Task brief: Please write the listing below out again exactly, leaving every picture behind.

Collected data:
------------------------------------------------------------------------

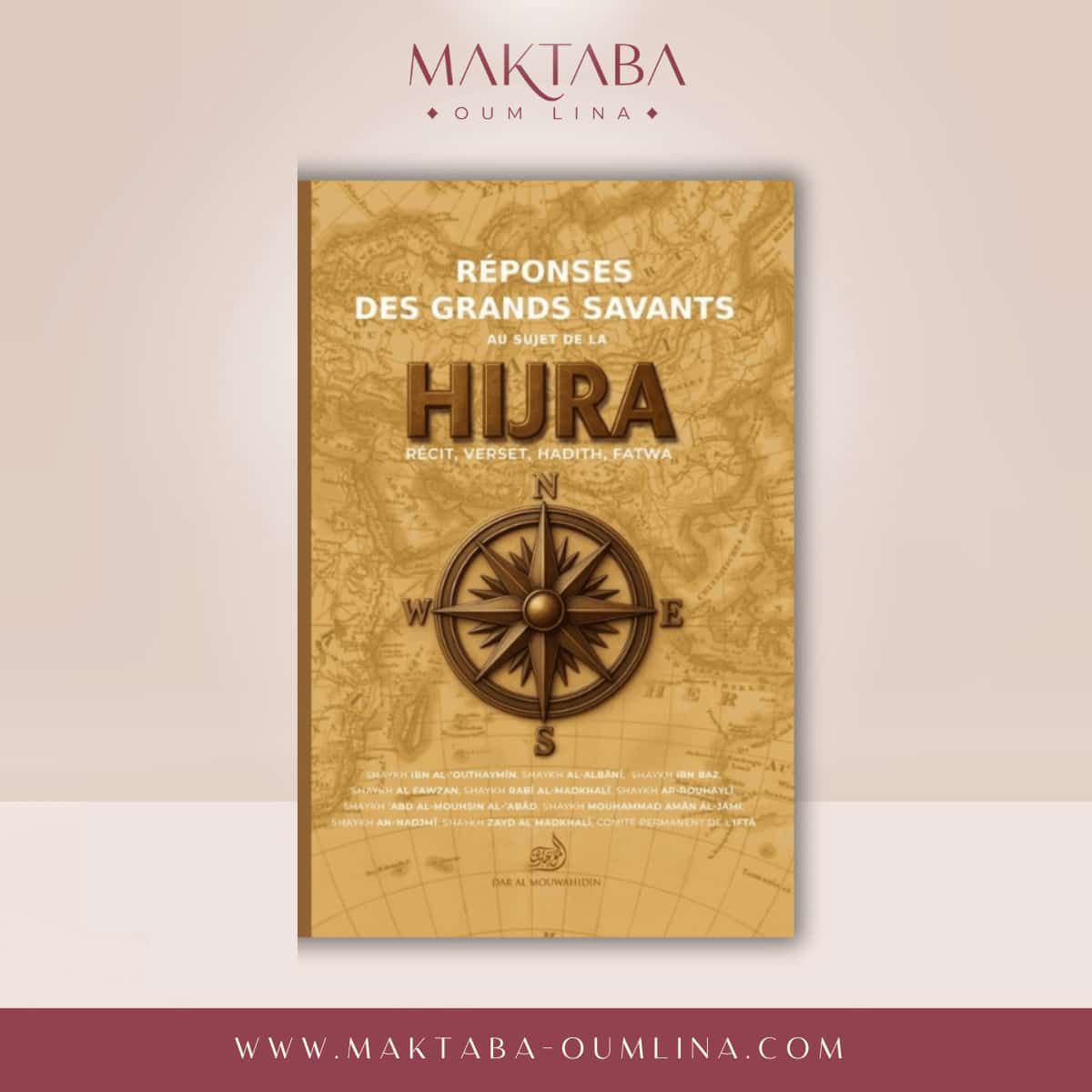 Réponses des grands savants au sujet de la hijra - Dar al Mouwahidin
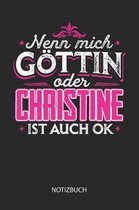 Nenn mich G ttin oder - Christine - ist auch OK - Notizbuch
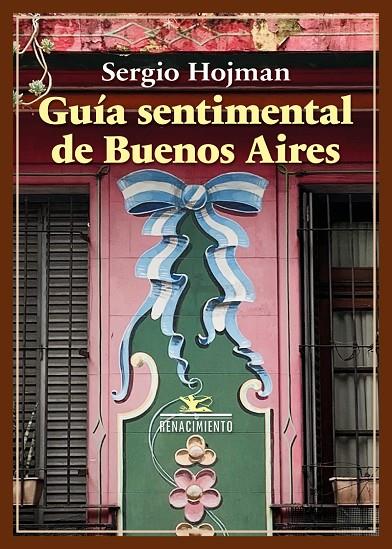 GUÍA SENTIMENTAL DE BUENOS AIRES | 9791387939564 | HOJMAN, SERGIO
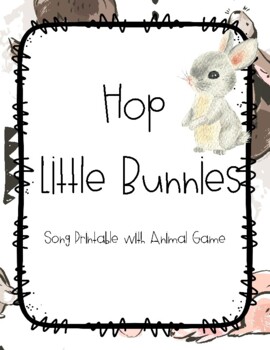 Preview of Hop Little Bunnies Song Printable with Animal Game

------------------------------------------------------------------------

Response for this exercise:
 Réponses des grands savants au sujet de la hijra - Dar al Mouwahidin
 Nenn mich G ttin oder - Christine - ist auch OK - Notizbuch
 GUÍA SENTIMENTAL DE BUENOS AIRES | 9791387939564 | HOJMAN, SERGIO
 Preview of Hop Little Bunnies Song Printable with Animal Game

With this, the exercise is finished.